## Raw data:
******

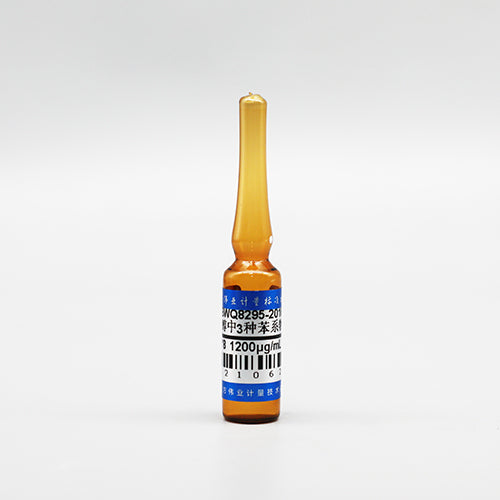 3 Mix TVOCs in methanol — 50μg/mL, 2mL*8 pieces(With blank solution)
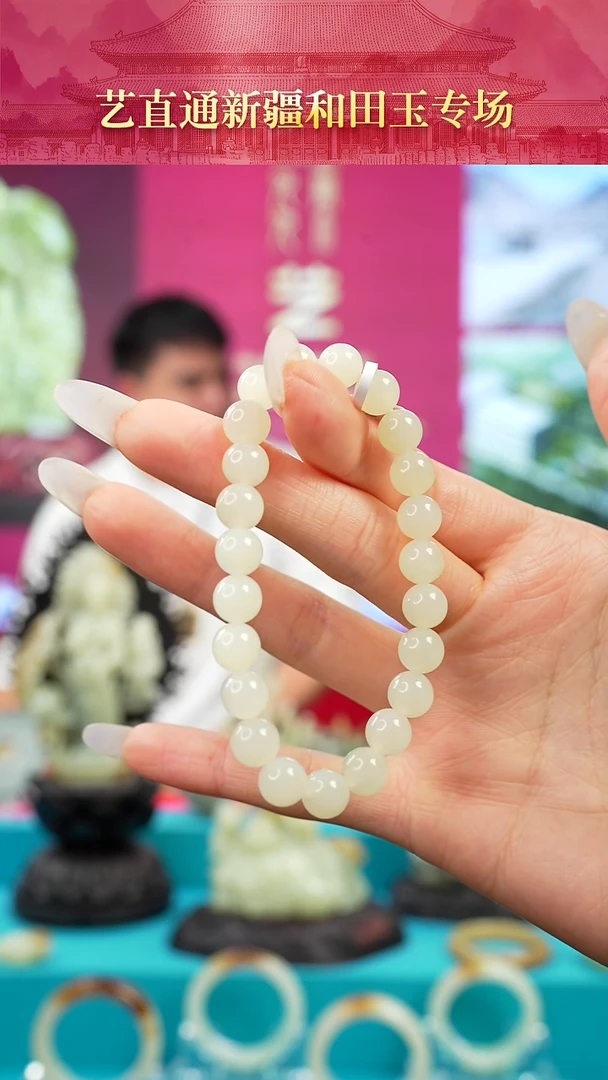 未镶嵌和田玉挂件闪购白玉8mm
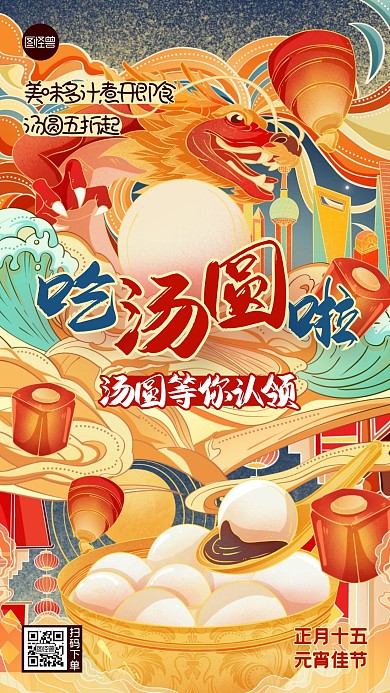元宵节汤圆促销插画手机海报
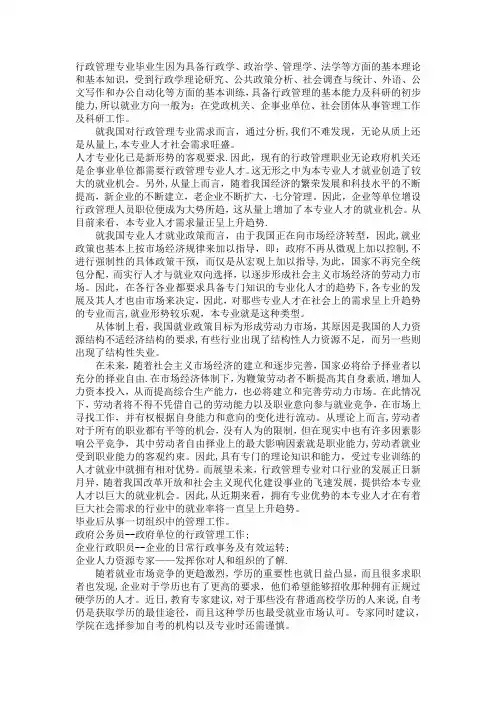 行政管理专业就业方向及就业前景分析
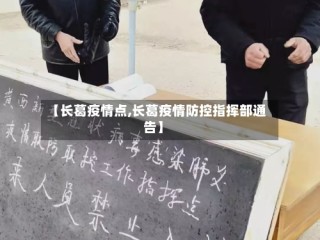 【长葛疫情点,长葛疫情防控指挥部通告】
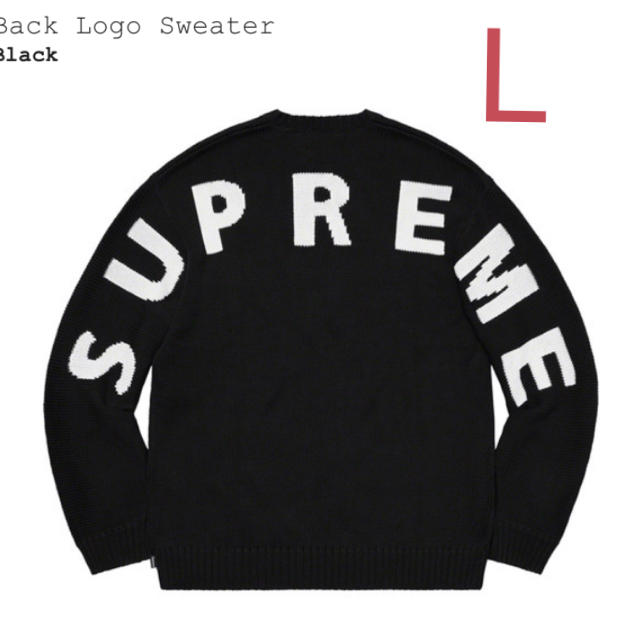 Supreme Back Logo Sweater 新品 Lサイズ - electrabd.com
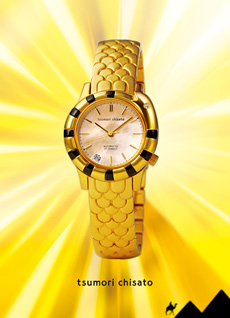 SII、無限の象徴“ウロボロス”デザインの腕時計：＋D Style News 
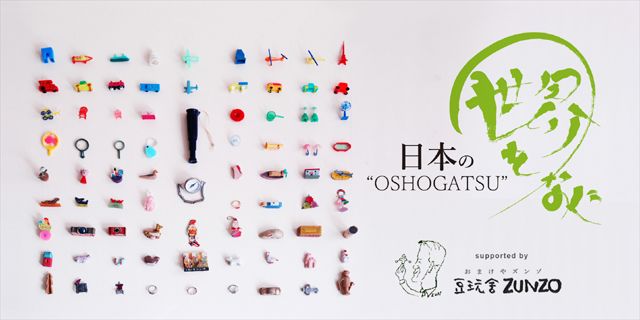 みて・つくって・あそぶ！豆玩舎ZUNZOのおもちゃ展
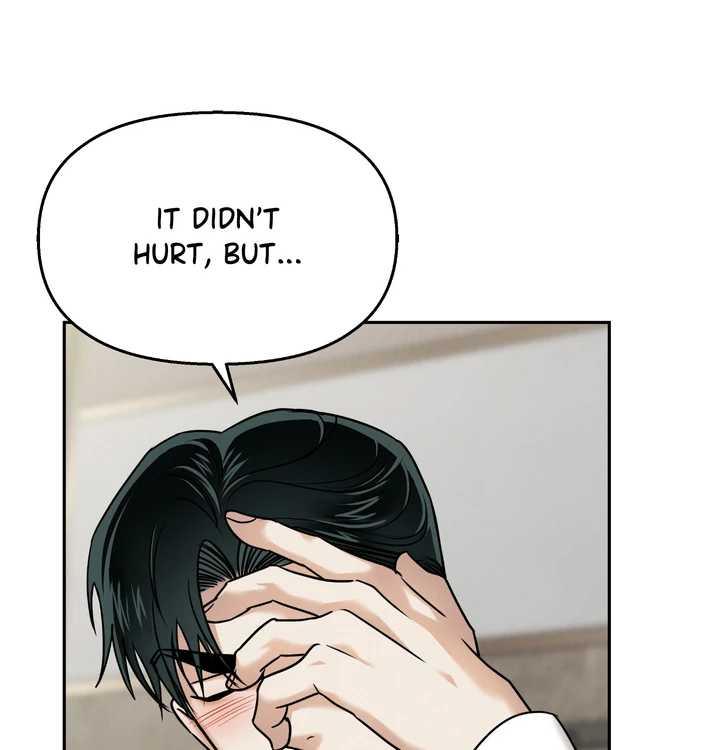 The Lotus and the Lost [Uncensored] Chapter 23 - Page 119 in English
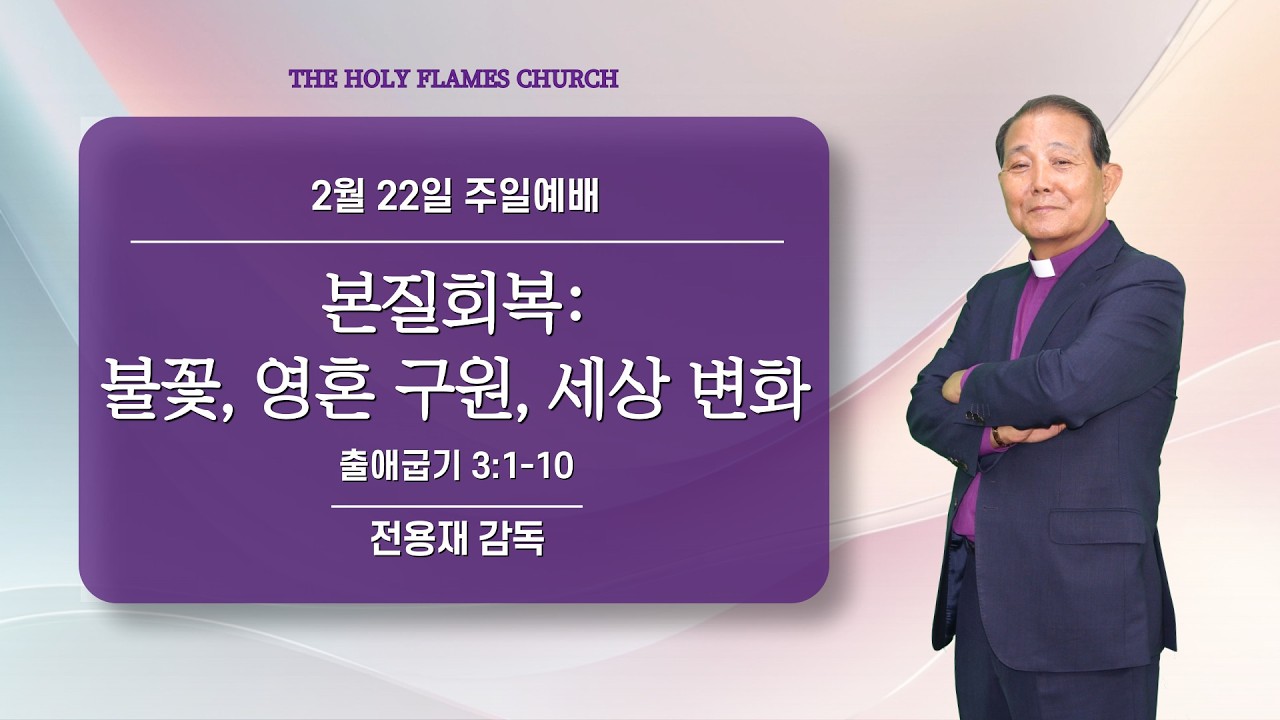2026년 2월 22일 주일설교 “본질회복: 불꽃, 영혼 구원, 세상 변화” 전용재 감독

******

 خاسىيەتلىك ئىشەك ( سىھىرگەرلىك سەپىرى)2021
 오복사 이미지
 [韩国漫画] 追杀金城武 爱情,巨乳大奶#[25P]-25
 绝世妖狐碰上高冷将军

******

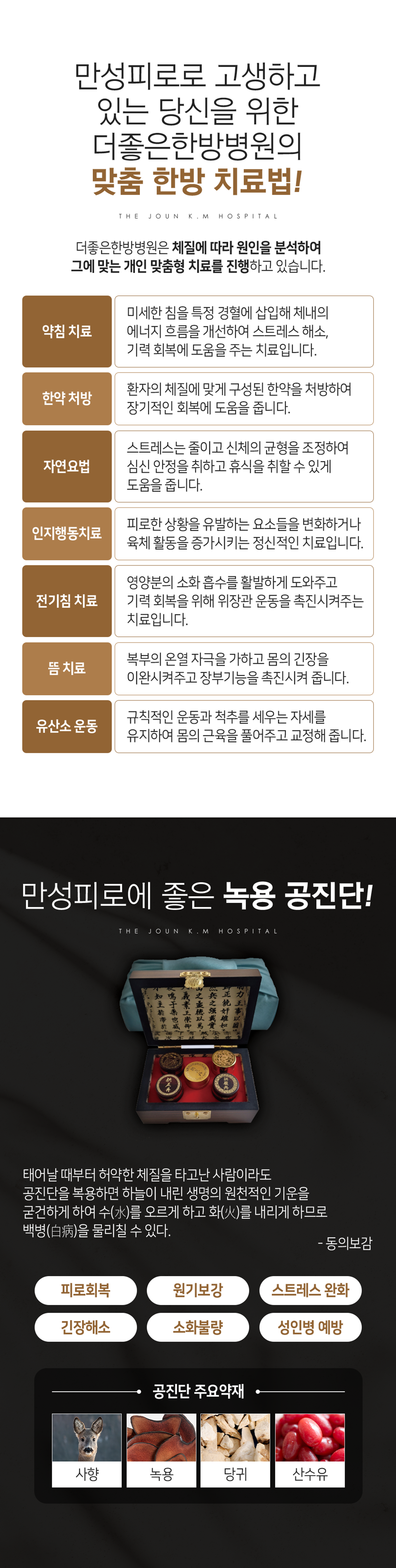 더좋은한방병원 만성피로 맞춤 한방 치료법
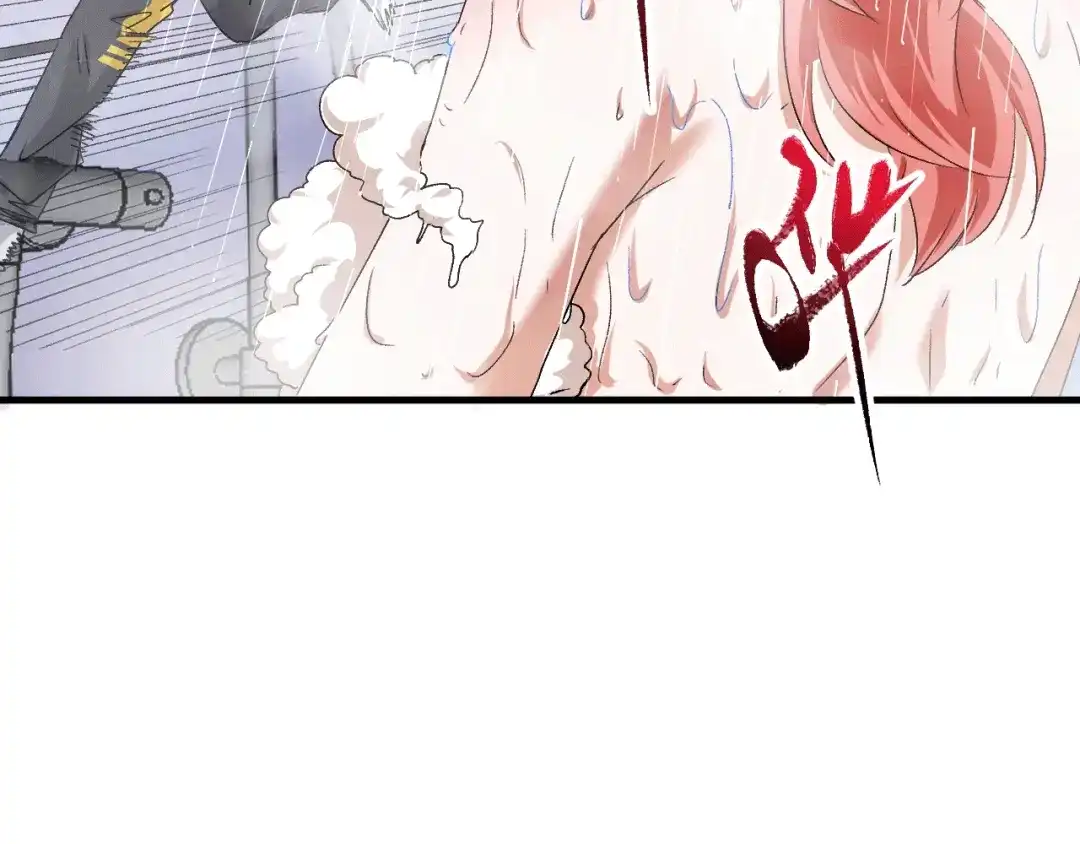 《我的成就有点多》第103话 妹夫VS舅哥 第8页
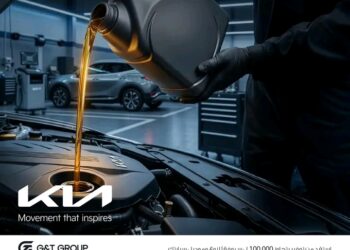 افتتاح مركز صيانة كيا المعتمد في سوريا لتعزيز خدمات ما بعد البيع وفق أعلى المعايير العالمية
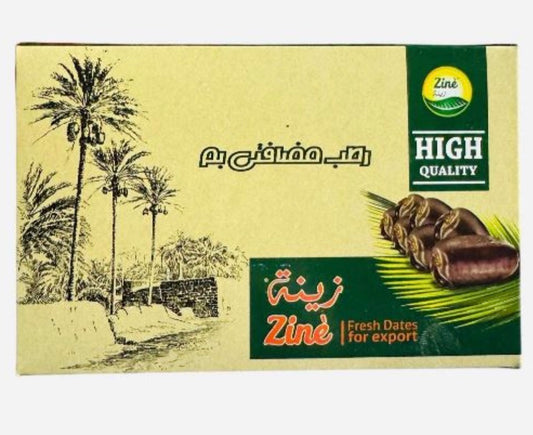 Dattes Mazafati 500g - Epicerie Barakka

******

## What needs to be done:
With the pictures removed, print only the lines starting at the line that has "Supreme Back Logo" and ending at the line that has "2026년 2월 22일", both ends included, exactly as they stand above.

## Answer section:
 Supreme Back Logo Sweater 新品 Lサイズ - electrabd.com
 SII、無限の象徴“ウロボロス”デザインの腕時計：＋D Style News 
 みて・つくって・あそぶ！豆玩舎ZUNZOのおもちゃ展
 The Lotus and the Lost [Uncensored] Chapter 23 - Page 119 in English
2026년 2월 22일 주일설교 “본질회복: 불꽃, 영혼 구원, 세상 변화” 전용재 감독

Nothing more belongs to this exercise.